> _What to work on_
From the first line of the data down to and including the line with "Fabrics Box - Cupro", copy everything exactly, leaving out pictures.

> _Dataset records_
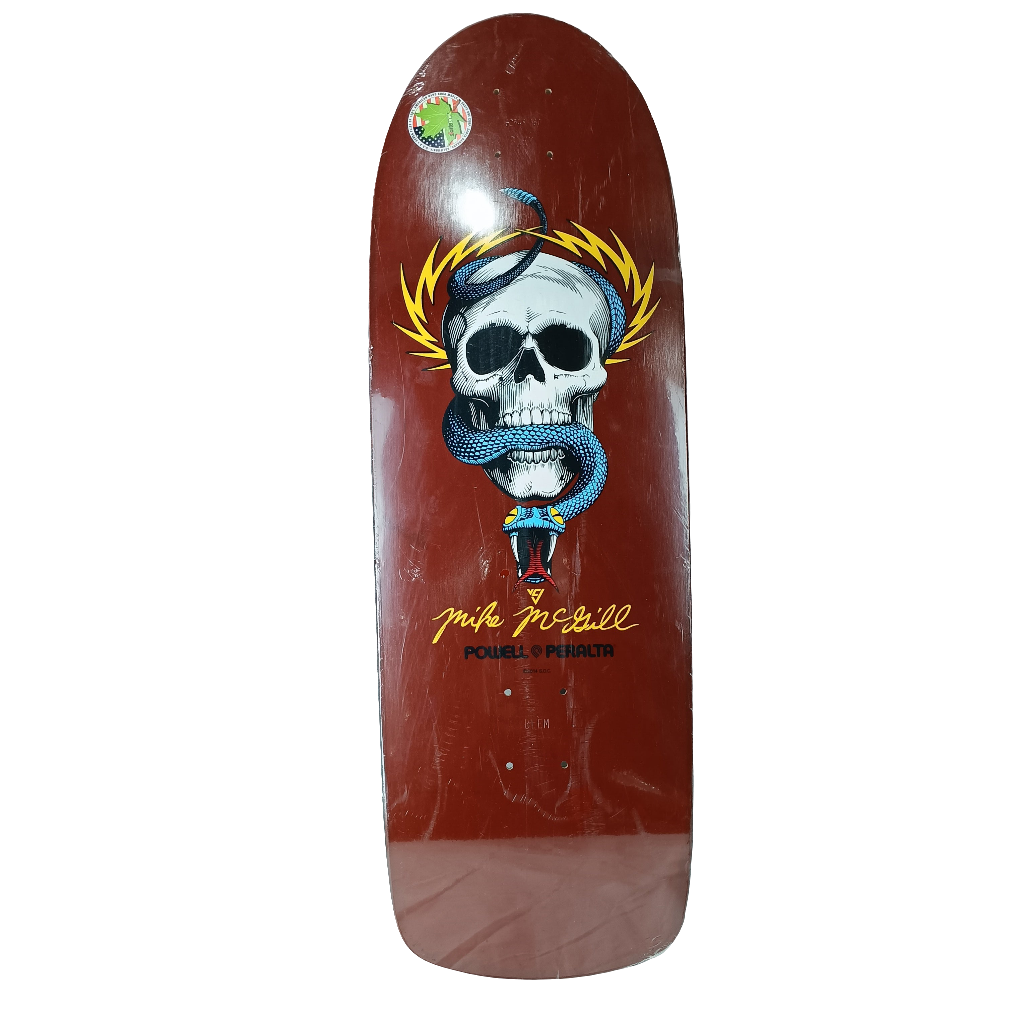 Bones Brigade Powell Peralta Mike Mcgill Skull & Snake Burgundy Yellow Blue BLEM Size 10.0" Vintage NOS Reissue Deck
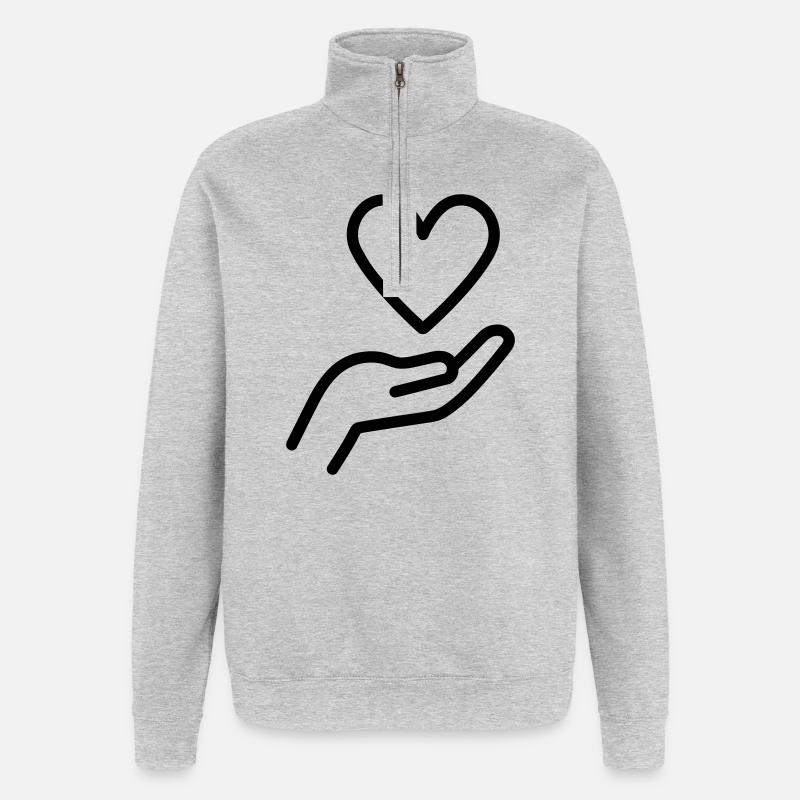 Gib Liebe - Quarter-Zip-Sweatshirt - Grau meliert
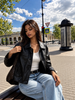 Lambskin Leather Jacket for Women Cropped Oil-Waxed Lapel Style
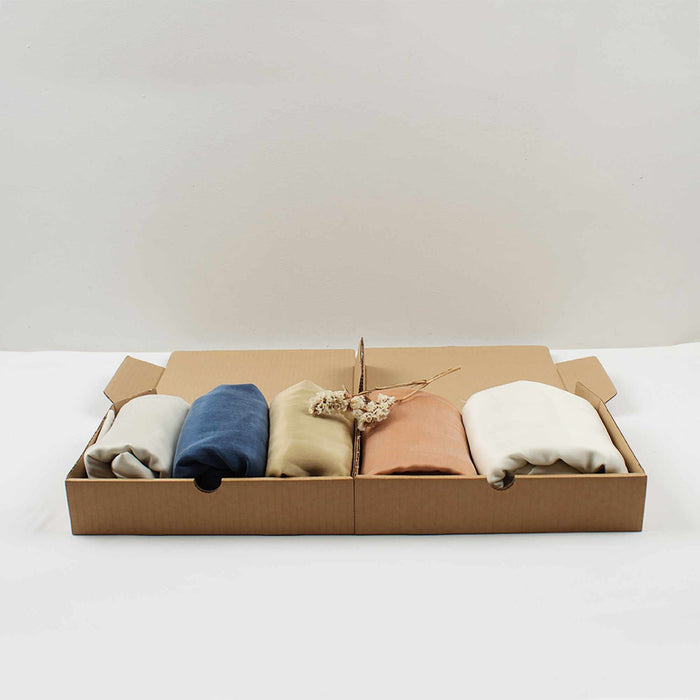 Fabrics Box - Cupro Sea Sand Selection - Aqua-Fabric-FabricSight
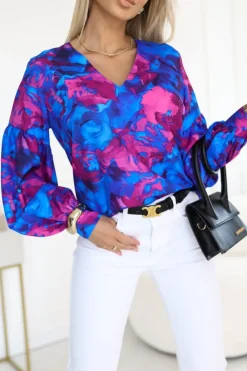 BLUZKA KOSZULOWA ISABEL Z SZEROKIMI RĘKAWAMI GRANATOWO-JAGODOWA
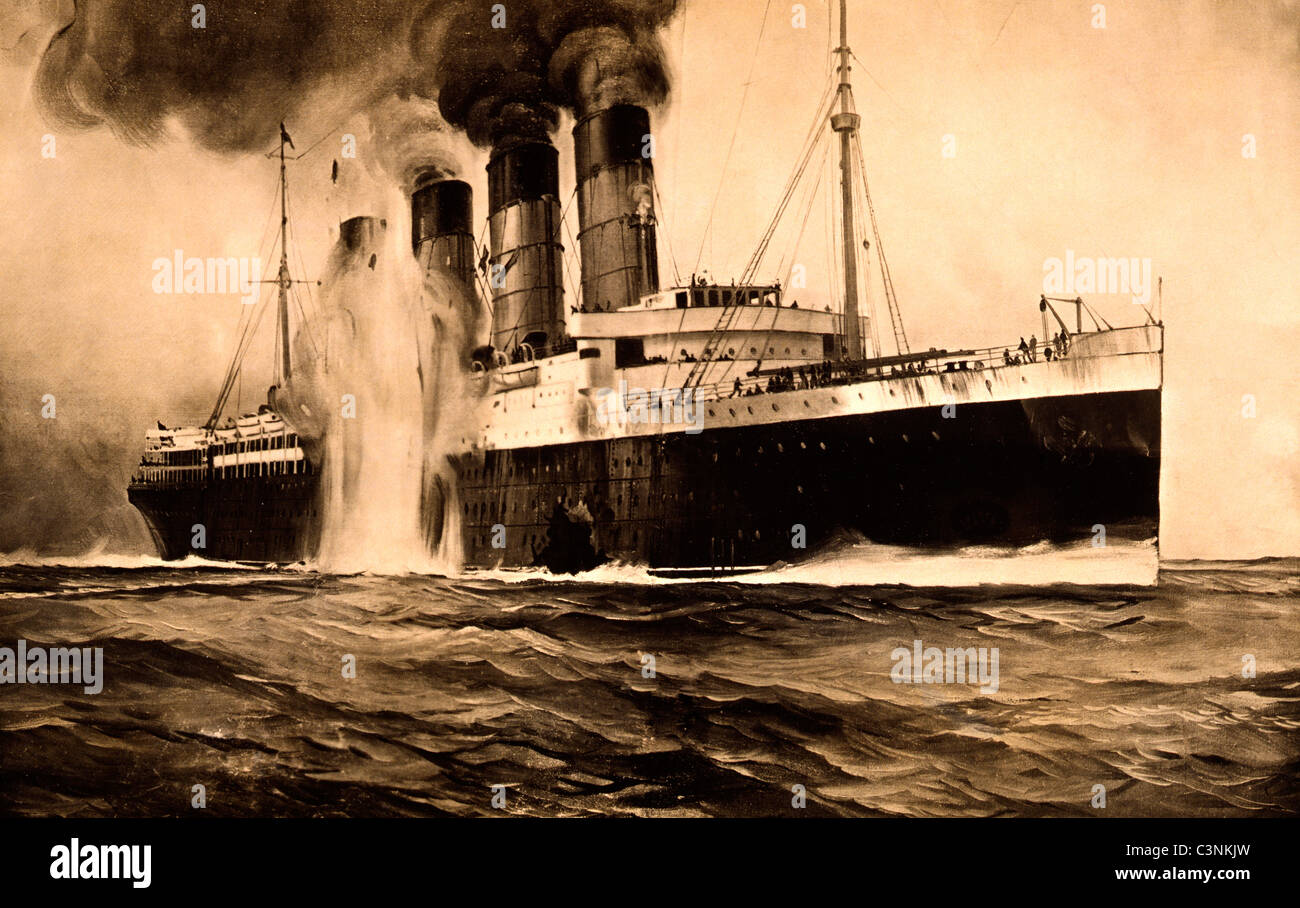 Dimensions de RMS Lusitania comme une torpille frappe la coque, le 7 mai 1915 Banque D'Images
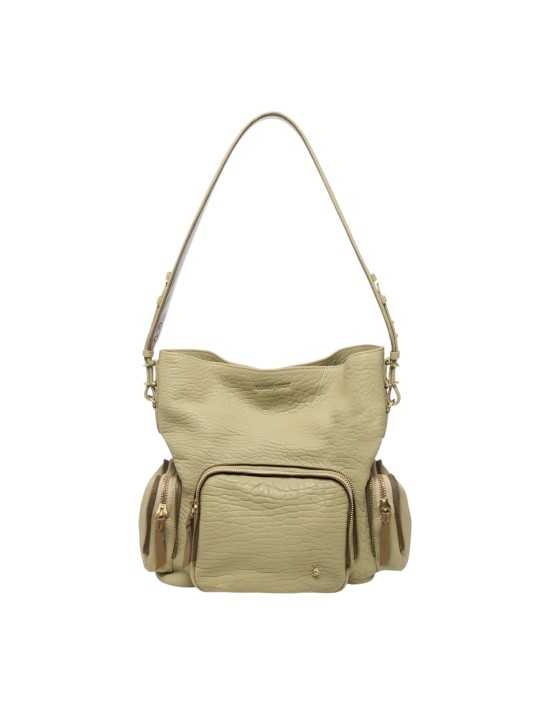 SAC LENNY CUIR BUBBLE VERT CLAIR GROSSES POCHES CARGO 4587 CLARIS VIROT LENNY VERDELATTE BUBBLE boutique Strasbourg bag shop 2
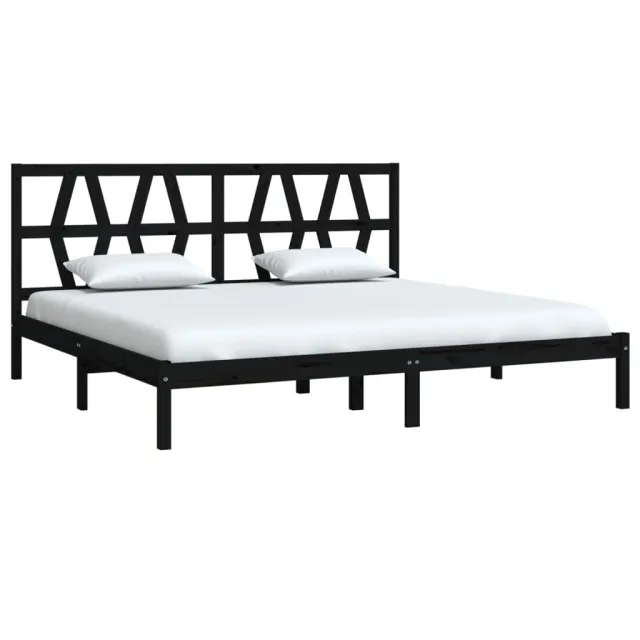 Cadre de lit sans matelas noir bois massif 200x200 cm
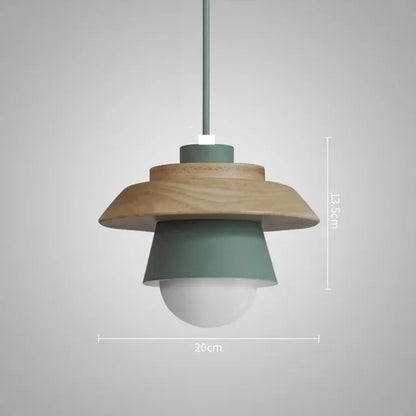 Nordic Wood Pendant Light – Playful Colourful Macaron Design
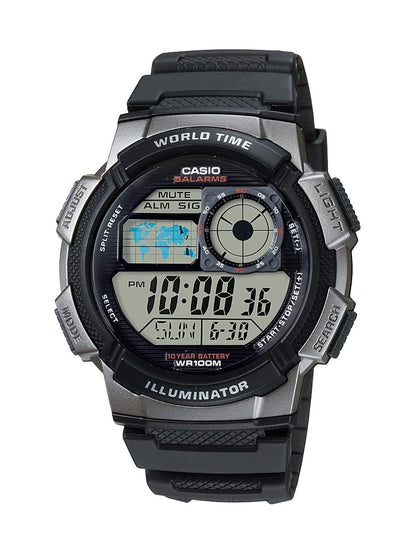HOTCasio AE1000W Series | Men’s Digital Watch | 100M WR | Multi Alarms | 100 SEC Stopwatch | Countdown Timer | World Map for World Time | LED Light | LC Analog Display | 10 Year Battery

> _Answer box_
 Bones Brigade Powell Peralta Mike Mcgill Skull & Snake Burgundy Yellow Blue BLEM Size 10.0" Vintage NOS Reissue Deck
 Gib Liebe - Quarter-Zip-Sweatshirt - Grau meliert
 Lambskin Leather Jacket for Women Cropped Oil-Waxed Lapel Style
 Fabrics Box - Cupro Sea Sand Selection - Aqua-Fabric-FabricSight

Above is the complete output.